Much much faster, specially under valgrind, than spawning one process per font.

Fixes https://github.com/harfbuzz/harfbuzz/issues/5061
---
 test/fuzzing/meson.build                  |   6 +-
 test/fuzzing/run-draw-fuzzer-tests.py     |  99 +++++++++----------
 test/fuzzing/run-repacker-fuzzer-tests.py | 107 ++++++++++----------
 test/fuzzing/run-shape-fuzzer-tests.py    | 102 ++++++++++---------
 test/fuzzing/run-subset-fuzzer-tests.py   | 113 +++++++++++-----------
 5 files changed, 205 insertions(+), 222 deletions(-)
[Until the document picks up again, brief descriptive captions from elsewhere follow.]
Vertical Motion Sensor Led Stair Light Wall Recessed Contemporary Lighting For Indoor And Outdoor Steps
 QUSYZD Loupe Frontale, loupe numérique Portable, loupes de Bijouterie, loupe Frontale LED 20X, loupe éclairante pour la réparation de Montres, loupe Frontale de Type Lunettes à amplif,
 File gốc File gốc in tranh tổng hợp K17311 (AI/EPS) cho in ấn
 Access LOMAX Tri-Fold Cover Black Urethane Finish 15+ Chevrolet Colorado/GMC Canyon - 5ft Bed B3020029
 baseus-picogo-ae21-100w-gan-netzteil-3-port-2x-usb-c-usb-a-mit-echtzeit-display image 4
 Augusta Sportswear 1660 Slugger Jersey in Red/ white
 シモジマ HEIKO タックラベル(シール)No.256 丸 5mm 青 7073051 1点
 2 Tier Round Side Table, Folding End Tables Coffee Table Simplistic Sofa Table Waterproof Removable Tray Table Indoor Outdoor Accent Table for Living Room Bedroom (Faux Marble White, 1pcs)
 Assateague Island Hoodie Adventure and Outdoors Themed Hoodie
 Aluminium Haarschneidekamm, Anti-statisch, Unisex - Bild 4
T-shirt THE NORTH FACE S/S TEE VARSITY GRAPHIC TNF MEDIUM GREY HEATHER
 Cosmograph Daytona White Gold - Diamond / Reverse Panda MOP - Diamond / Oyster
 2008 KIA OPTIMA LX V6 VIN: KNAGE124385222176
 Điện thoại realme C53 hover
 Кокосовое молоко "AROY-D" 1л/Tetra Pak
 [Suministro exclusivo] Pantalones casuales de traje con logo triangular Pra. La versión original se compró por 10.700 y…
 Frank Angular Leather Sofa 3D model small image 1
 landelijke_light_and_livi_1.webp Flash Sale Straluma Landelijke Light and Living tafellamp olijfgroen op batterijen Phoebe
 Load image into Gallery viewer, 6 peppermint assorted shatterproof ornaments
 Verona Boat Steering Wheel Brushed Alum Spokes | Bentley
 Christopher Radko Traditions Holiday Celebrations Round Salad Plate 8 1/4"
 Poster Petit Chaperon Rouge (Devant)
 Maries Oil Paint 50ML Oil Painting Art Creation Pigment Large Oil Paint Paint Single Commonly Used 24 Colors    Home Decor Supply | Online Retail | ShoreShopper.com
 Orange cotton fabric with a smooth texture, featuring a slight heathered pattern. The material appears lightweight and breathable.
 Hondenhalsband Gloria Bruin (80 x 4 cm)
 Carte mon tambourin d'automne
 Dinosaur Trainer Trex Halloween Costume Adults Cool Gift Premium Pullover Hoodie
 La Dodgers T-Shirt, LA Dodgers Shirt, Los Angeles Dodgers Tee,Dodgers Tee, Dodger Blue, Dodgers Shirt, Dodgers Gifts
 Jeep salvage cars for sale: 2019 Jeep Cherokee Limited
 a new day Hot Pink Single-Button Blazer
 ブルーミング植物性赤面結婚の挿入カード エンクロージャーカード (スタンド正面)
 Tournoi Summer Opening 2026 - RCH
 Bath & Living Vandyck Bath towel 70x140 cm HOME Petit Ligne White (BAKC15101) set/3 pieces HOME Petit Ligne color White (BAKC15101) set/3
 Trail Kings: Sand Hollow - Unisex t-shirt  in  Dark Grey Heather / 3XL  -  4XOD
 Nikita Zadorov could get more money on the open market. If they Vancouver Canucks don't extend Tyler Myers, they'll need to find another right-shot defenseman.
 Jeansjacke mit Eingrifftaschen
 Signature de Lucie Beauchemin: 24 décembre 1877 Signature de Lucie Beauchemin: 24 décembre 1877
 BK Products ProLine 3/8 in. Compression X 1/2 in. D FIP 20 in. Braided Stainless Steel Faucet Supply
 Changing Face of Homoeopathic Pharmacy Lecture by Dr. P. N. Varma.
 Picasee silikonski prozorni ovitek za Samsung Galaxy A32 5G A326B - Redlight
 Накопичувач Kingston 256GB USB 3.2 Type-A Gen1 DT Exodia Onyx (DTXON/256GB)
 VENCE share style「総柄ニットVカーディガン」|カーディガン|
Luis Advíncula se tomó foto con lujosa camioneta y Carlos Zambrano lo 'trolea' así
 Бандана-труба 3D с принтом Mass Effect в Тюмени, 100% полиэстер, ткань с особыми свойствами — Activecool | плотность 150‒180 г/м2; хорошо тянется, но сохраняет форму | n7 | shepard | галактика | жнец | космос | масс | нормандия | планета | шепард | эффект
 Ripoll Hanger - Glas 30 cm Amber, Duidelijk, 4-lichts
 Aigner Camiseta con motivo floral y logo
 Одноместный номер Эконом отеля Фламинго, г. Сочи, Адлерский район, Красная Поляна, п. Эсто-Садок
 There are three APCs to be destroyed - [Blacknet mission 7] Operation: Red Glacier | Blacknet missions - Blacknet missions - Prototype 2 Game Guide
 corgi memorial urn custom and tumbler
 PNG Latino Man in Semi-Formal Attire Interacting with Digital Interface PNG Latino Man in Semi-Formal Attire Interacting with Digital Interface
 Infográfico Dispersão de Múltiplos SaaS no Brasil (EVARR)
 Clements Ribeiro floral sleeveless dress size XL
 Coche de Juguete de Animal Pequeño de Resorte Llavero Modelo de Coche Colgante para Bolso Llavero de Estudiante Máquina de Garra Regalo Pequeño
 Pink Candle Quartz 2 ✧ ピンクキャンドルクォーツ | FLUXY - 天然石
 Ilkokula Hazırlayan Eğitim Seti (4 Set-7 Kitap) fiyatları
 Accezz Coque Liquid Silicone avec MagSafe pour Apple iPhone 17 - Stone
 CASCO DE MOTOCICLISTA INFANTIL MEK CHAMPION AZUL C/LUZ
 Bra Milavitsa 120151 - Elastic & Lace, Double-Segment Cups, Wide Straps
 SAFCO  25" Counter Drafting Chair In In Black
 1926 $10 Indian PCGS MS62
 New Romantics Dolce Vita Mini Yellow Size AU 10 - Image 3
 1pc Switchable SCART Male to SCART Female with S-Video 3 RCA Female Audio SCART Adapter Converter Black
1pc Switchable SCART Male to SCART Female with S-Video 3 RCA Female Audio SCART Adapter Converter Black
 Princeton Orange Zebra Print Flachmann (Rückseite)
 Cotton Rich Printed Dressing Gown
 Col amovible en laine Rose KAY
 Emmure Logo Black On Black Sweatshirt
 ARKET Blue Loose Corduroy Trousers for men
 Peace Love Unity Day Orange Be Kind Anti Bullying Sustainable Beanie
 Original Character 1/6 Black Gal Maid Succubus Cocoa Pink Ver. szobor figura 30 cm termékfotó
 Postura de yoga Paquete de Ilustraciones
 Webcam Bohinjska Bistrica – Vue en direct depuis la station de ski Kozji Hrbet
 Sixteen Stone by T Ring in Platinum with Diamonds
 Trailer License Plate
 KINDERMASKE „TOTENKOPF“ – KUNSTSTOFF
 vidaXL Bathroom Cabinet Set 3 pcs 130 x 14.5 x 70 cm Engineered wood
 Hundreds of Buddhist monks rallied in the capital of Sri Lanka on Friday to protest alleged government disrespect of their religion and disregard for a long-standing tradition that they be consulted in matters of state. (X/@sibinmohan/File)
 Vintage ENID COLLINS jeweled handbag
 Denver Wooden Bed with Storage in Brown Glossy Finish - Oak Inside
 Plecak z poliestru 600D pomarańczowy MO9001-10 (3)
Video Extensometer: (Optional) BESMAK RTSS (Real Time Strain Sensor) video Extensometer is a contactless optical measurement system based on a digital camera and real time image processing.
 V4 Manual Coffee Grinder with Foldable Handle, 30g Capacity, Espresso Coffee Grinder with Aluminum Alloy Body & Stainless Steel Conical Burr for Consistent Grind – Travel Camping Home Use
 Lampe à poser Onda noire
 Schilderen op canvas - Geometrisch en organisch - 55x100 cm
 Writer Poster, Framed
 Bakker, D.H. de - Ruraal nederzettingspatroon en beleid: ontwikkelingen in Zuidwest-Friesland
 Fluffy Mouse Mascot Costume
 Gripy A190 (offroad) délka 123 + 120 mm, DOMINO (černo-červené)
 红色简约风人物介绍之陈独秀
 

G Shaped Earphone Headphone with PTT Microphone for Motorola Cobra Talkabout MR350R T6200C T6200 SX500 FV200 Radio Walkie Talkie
diff --git a/test/fuzzing/meson.build b/test/fuzzing/meson.build
index f6ebbddcf..cada41948 100644
--- a/test/fuzzing/meson.build
+++ b/test/fuzzing/meson.build
@@ -41,23 +41,21 @@ test('shape-fuzzer', find_program('run-shape-fuzzer-tests.py'),
   args: [
     hb_shape_fuzzer_exe,
   ],
-  timeout: 90,
   depends: [hb_shape_fuzzer_exe, libharfbuzz, libharfbuzz_subset],
   workdir: meson.current_build_dir() / '..' / '..',
   env: env,
   priority: 1,
-  suite: ['fuzzing', 'slow'],
+  suite: ['fuzzing'],
 )
 
 test('subset-fuzzer', find_program('run-subset-fuzzer-tests.py'),
   args: [
     hb_subset_fuzzer_exe,
   ],
-  timeout: 90,
   workdir: meson.current_build_dir() / '..' / '..',
   env: env,
   priority: 1,
-  suite: ['fuzzing', 'slow'],
+  suite: ['fuzzing'],
 )
 
 test('repacker-fuzzer', find_program('run-repacker-fuzzer-tests.py'),
diff --git a/test/fuzzing/run-draw-fuzzer-tests.py b/test/fuzzing/run-draw-fuzzer-tests.py
index 8b5a2e82d..33b265e25 100755
--- a/test/fuzzing/run-draw-fuzzer-tests.py
+++ b/test/fuzzing/run-draw-fuzzer-tests.py
@@ -1,66 +1,59 @@
 #!/usr/bin/env python3
 
-import sys, os, subprocess, tempfile, shutil
+import sys
+import os
+import subprocess
+import tempfile
 
+def run_command(command):
+    with tempfile.TemporaryFile() as tempf:
+        p = subprocess.Popen(command, stdout=tempf, stderr=tempf)
+        p.wait()
+        tempf.seek(0)
+        output = tempf.read().decode('utf-8', errors='replace')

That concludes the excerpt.